Of all the lines below, return only those starting with the line holding "Igualmente Lazise, orari di apertura" and going on through the line holding "เครื่องตัดออโต้อะไหล่เครื่องเจาะ D=14 IX9-IH58", exactly as written.

### Records for processing
┄┄┄┄┄┄┄┄┄┄┄┄┄┄┄┄┄┄┄┄
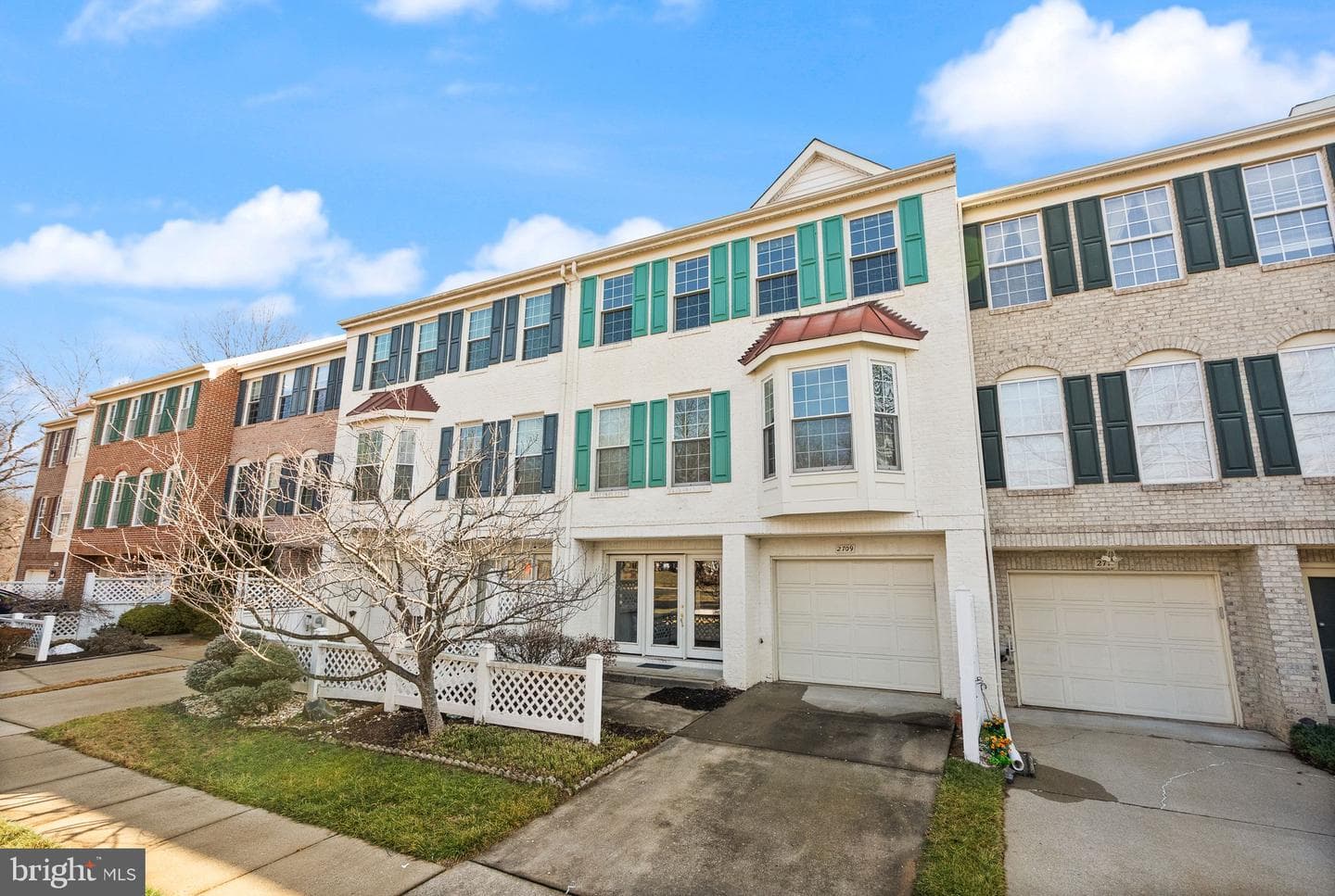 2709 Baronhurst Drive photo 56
┄┄┄┄┄┄┄┄┄┄┄┄┄┄┄┄┄┄┄┄
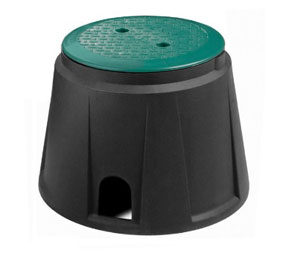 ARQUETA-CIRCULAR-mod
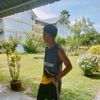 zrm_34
┄┄┄┄┄┄┄┄┄┄┄┄┄┄┄┄┄┄┄┄
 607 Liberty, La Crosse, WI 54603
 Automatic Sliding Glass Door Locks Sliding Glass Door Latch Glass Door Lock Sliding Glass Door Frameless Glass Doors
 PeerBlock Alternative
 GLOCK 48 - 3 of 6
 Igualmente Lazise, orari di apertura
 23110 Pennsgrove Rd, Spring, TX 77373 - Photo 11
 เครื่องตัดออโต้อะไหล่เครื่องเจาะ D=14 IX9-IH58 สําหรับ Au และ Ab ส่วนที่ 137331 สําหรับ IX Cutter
┄┄┄┄┄┄┄┄┄┄┄┄┄┄┄┄┄┄┄┄
### Finished task
 Igualmente Lazise, orari di apertura
 23110 Pennsgrove Rd, Spring, TX 77373 - Photo 11
 เครื่องตัดออโต้อะไหล่เครื่องเจาะ D=14 IX9-IH58 สําหรับ Au และ Ab ส่วนที่ 137331 สําหรับ IX Cutter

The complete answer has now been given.